Fundamentally, the development of artificial wombs would change the way we discuss abortion. As lawyer and bioethicist I. Glenn Cohen puts it, “the abortion right has been most vigorously defended as a right not to be a gestational parent, not as a right not to be a legal or genetic parent […] Defending a right to abortion when transfer is possible would change the moral terrain.”[6] Should people have the right not to become parents even if it means “killing” a fetus that could survive outside a mother’s womb, albeit only with advanced technology like the artificial womb? This is the essential question we must answer as technology improves. 

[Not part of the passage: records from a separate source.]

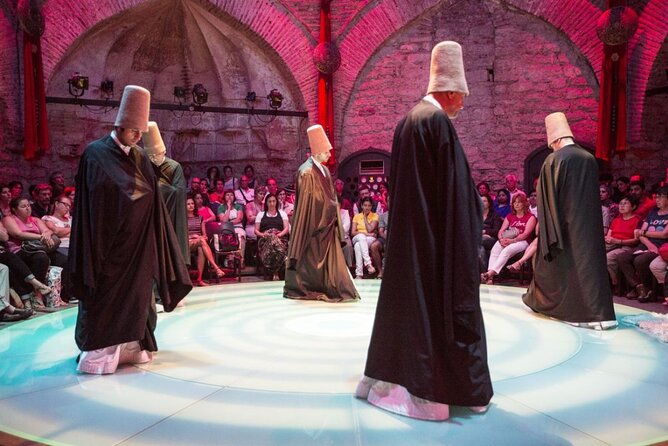 whirling-dervish-ceremony-in-istanbul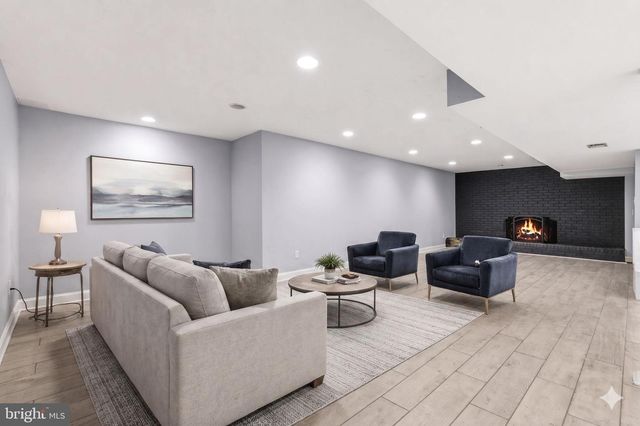 10111 GREEN FOREST DR, Adelphi, MD 20783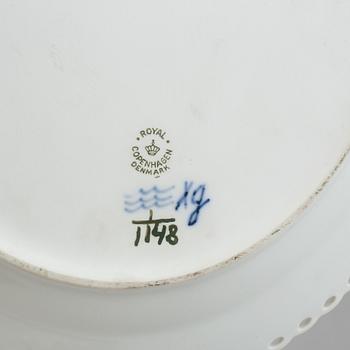 Two full lace oval platters, "Musselmalet" from Royal Copenhagen,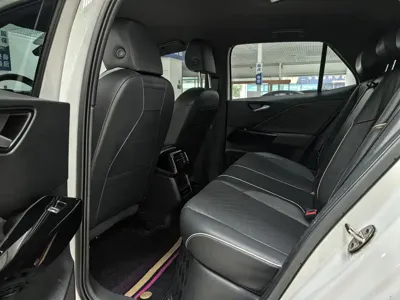 Volkswagen ID.3 2024, 77500 км, за 11594.83 USD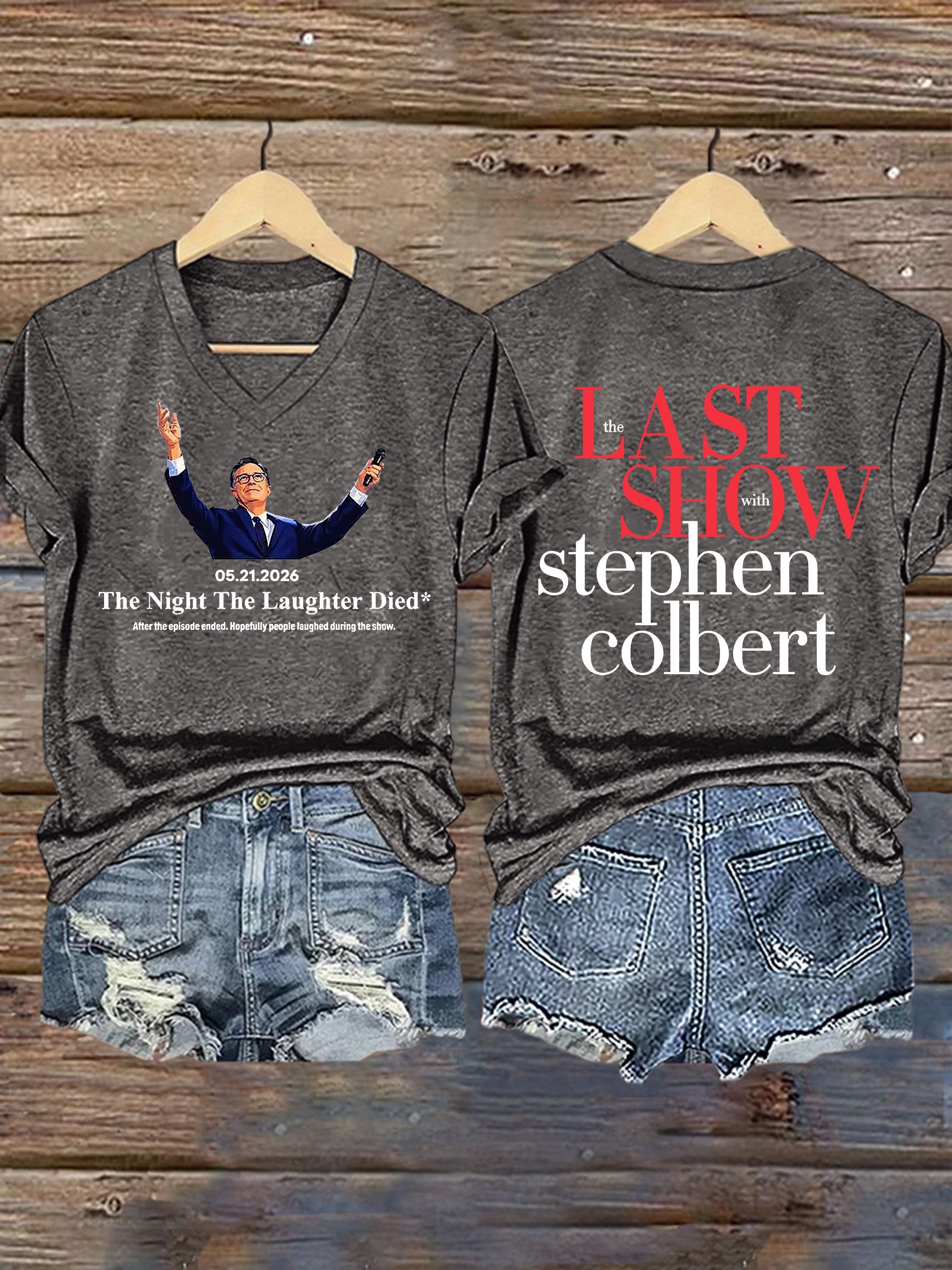 V-Neck Retro Last Show 05.21.2026 The Night The Laughter Died After The Episode Ended. Hopefully People Laughed During The Show Print T-Shirt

Current artificial womb research offers a promising future for increasing survival rates of premature infants. It also has the potential to give women more bodily autonomy in terminating their pregnancies without terminating the life of the fetus. However, it is certainly not clear cut how it may impact our abortion laws and cause us to reevaluate the nature of our arguments for and against abortion. 

References

[1] United States. Centers for Disease Control and Prevention. National Center for Health Statistics. National Vital Statistics Reports. By Joyce A. Martin, Brady E. Hamilton, Michelle J. K Osterman, Anne K. Driscoll, and Patrick Drake. https://www.cdc.gov/nchs/data/nvsr/nvsr67/nvsr67_01.pdf.

[2] Azad, Kishwar, and Jiji Mathews. "Preventing Newborn Deaths Due to Prematurity." Best Practice & Research Clinical Obstetrics & Gynaecology 36 (2016): 131-44. doi:10.1016/j.bpobgyn.2016.06.001.

[3] Partridge, Emily A., Marcus G. Davey, Matthew A. Hornick, Patrick E. Mcgovern, Ali Y. Mejaddam, Jesse D. Vrecenak, Carmen Mesas-Burgos, et. al. "An Extra-uterine System to Physiologically Support the Extreme Premature Lamb." Nature Communications 8 (2017): 15794. doi:10.1038/ncomms15794.

[4] Roe v. Wade, 410 U.S. 113 (1973)

[5] Planned Parenthood of Southeastern Pa. v. Casey, 505 U.S. 833 (1992)

[6] Cohen, I. Glenn. "Artificial Wombs and Abortion Rights." Hastings Center Report 47, no. 4 (2017). doi:10.1002/hast.730.